Phone Broadcast Club literature states that it is possible to make up to 3,000 calls per minute. As the number of people using Scraper Pro rises, it is likely to require more calls to make sales because some of the people will already have been called. People who use the same keywords are going to create similar or identical phone lists, which will mean that some people will be called repeatedly. It would be interesting to know how many calls are being made and how many it it typically takes to make a sale. One caller told me that he typically made 1,000 calls a day that resulted in 1-2 sales of the Scraper Pro/Phone Broadcast Club package. Another said that he had received 15 responses to 2,700 calls he placed, called back 5, and made one sale. If these numbers are typical, they indicate that for every sale, about a thousand call recipients are inconvenienced. I haven't obtained details about other list-accumulating and broadcasting systems such as Lead Net Pro, but it is clear that the activities I have described in this article could become a colossal nuisance on a par with spam.

FTC Action

In 2012, the FTC successfully sued two robocall operations that enabled telemarketers to place hundreds of millions of illegal prerecorded calls to consumers, including more than 20 million who had registered their phone numbers on the National Do Not Call Registry. The prerecorded messages pitched a variety of products and services, including debt relief services, carpet and upholstery cleaning services, auto warranties, mortgage loan modification and foreclosure assistance, timeshares, satellite dish broadcasting, and burial insurance. One FTC suit charged that Brian Ebersole, Voice Marketing, Inc., and B2B Voice Broadcasting, Inc. provided clients with access to computers, telecommunications services, and automated dialers needed to make thousands of telephone calls simultaneously and deliver more than one million prerecorded messages each day. They also sold access to their voice broadcasting technology through intermediaries (resellers) that sold robocall services under various names. The other FTC suit targeted a reseller: JGRD, Inc. (d/b/a VoiceBlaze) and its principles, Charles Joseph Garis, Jr. and Randall Keith Delp. Both cases were settled with consent agreements under which defendants promised to pay a $10,000 penalty and to ensure that future broadcasts do not violate the Telemarketing Sales Rule.

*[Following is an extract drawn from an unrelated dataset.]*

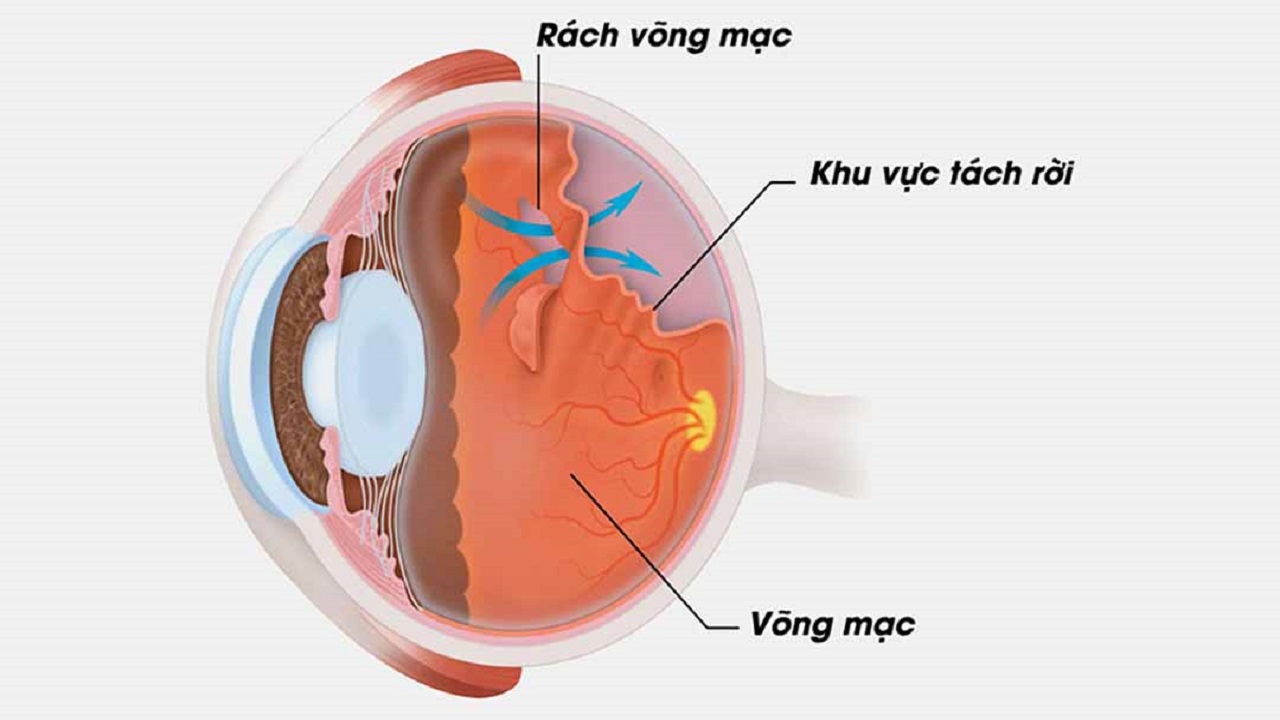 Bong võng mạc: Nguyên nhân và phương pháp điều trị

If you receive unwanted sales calls from people who use Internet phone broadcasting to sell marketing systems, please complain to the FTC and the Better Business Bureau. If you receive any calls about "gifting programs," please get as much detail as you can and complaint to the FBI. If you have purchased any such system and conclude that the opportunity was exaggerated, please contact me to discuss what else can be done.

This article was revised on March 23, 2012.